Si sa che, in fisica, "l'energia non si crea né si distrugge ma si trasforma". Quindi se il Sole è più attivo significa che una maggiore energia, più particelle e radiazioni di vario tipo (comprese quelle infrarosse, principali responsabili della trasmissione del calore) solleciteranno maggiormente la Terra. Di conseguenza, si può facilmente intuire come una parte di queste maggiori sollecitazioni si possano tradurre in calore aggiuntivo.
Con questi argomenti, da vari anni mi è capitato spesso di mettere un po' in crisi amici e parenti, ponendoli di fronte a seri dubbi sulla questione.
Anche oggi chi studia l'attività solare continua a ribadire che la Terra è da vari anni interessata da un bombardamento energetico, da parte della nostra stella, che è più elevato rispetto ai decenni passati.
Un gruppo di ricercatori dell'Istituto di Astronomia di Zurigo (Svizzera), dopo recenti studi effettuati su campioni di ghiaccio prelevati dalla calotta polare in Groenlandia, sostiene che erano almeno mille anni che il Sole non era così caldo.
Il presidente del "Centro per lo studio della Variabilità del Sole", prof. Roberto Buonanno, sostiene che da ottomila anni il Sole non era così attivo.
Anche il tanto discusso prof. Richard S. Lindzen, docente del Massachusetts Institute of Technology (MIT), è da tempo che va affermando, tra continue contestazioni degli ambientalisti, che relativamente all'evidente surriscaldamento della Terra «l'uomo ha una responsabilità minima: solo l'1,5% rispetto a tutto il resto».
Pertanto ora come ieri mi chiedo: con questi elementi, che personalmente credo difficilmente confutabili, come si può essere così certi che il surriscaldamento sia colpa soprattutto dell'uomo?
E perché i mezzi d'informazione non danno la giusta rilevanza anche a questi elementi che ho citato e continuano a creare solo allarmismo fomentando così anche il "fondamentalismo ambientalista"?








4 Commenti:
Rendo la cortesia e mi riservo di postare un commento sull'offensiva eco-terroristica che facendo uso di una pseudo-scienza distrae l'opinione pubblica dal vero problema terrestre.
Se il sole si buttasse in politica sono certo che la sinstra non esiterebbe ad attaccarlo, ma fino ad allora può stare tranquillo, non gli verrà attribuita nessuna colpa....
Cari Pseudosauro e Otimaster,
ringraziandovi per i commenti vi segnalo un bellissimo articolo di Renato Farina apparso sul numero odierno di LIBERO e intitolato "Vi fareste governare da chi tifa uragano?".
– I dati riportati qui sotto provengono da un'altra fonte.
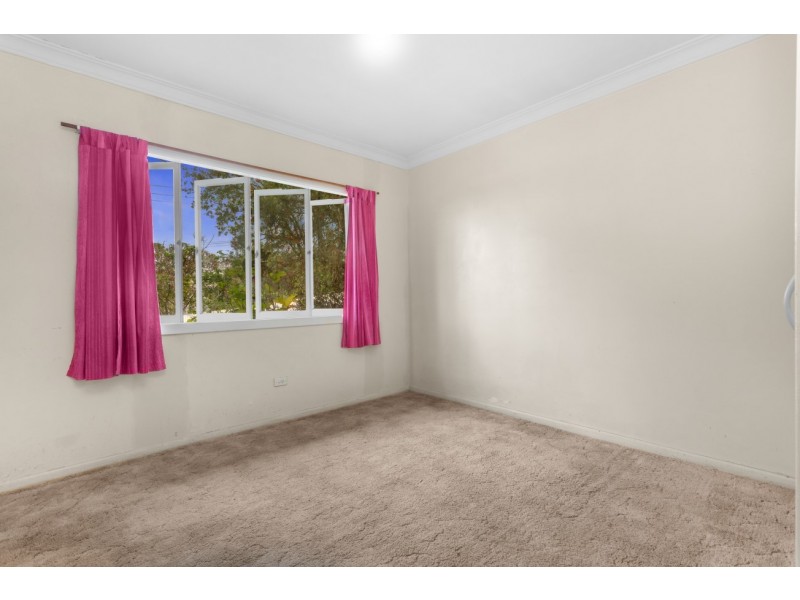 4 Alcester Street, Grange QLD 4051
In questo articolo viene evidenziata l'estrema ipocrisia e il "male oscuro" che alberga nelle "anime pure" dei nostri sinistri di fronte al disastro che ha colpito gli USA: antiamericanismo elevato all'ennesima potenza che io definirei anche come una sorta di "sciacallaggio", perché approfitta delle sventure che hanno colpito il loro più grande nemico per dimostrare che "solo loro" (i sinistri) sono "buoni e bravi".
Si va da Rutelli a Ermete Realacci, da Iacopo Venier a Bassolino, per poi passare anche ad alcuni dei loro amati quotidiani.
Tutti a far la morale o a criticare gratuitamente.
Il sentimento che ho provato è stato solo un grandissimo schifo.
il miscredente
la notizia è interessante e andrebbe trattata di più (io per esempio nn ne sapevo niente) però non deve essere una scusa per fare quello che si vuole.
rimanere indifferenti a ciò che ha fatto e fa l'uomo al pianeta sarebbe come dare delle cure sbagliate a un malato e poi dire che non è colpa tua perchè tanto stava già male.